The proposed bill also includes capping security deposits at one month’s rent and holding deposits at one week’s rent.

The majority of MPs that took part in the debate did at least acknowledge concerns over the unintended consequences of a total fees ban for small businesses and low income or non UK tenants along with potential for rising rents and job losses.

However, Housing Minister, Alok Sharma, confirmed that holding deposits will be excluded from the legislation.

Mr Sharma said that the problem with fees is that the agent is chosen by the landlord giving the tenant little opportunity to negotiate or opt out of these fees. “A landlord is better placed to pay reference and credit check fees and anyway it is they who ask for the checks to be completed, not the tenant.”

Henry Bellingham, MP for North West Norfolk said he had received no complaints from tenants about letting agent fees with the average application fee being £325 and the average renewal fee £75.

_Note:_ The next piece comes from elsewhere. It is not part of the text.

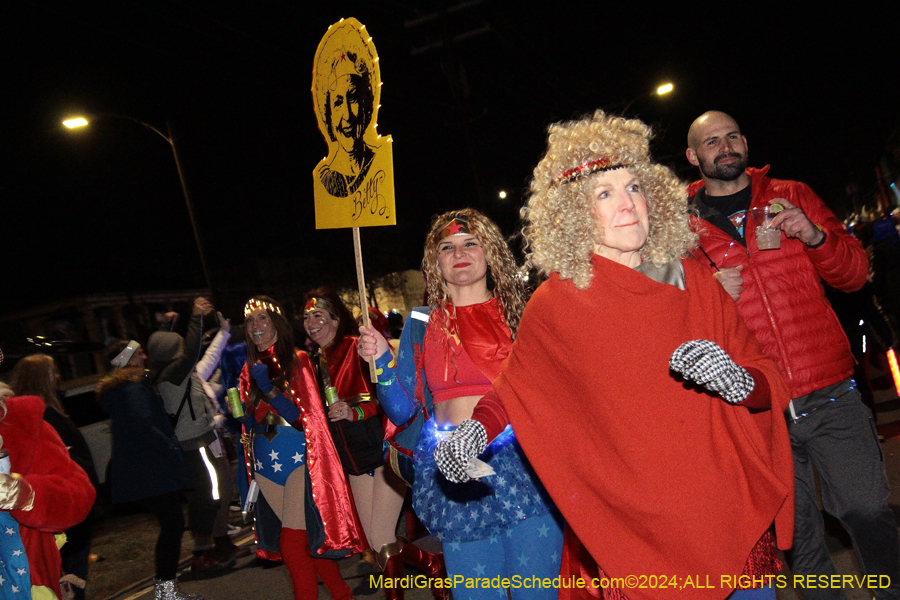 2024-Krewe-of-Chewbacchus-11088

Mr Sharma confirmed the government’s response to the fees ban consultation would be published very shortly and acknowledged that the ‘broken’ housing market remains one of the greatest barriers to progress in Britain and he felt capping fees would be largely ineffective as it would be harder to understand and enforce.

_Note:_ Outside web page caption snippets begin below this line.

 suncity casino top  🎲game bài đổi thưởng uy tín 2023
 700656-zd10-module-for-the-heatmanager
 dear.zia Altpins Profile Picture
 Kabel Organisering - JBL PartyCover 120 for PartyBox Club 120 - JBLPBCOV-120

David Cox, chief executive of ARLA Propertymark, commented on the debate saying: “We welcome this morning’s comments from Kevin Hollinrake MP around the unintended consequences of a total ban on letting agent fees.”

“It’s important that the government understands the value of the services agents carry out for both landlords and tenants when shaping its final legislation.”

“We are therefore disappointed in Alok Sharma’s comments today declaring that the government’s position remains that all fees will form part of the ban.”

“As Kevin acknowledges, the ban on fees for referencing checks will cause problems. Agents are required to carry out these checks by law, and they invest both time and resources to ensure this work is carried out properly.”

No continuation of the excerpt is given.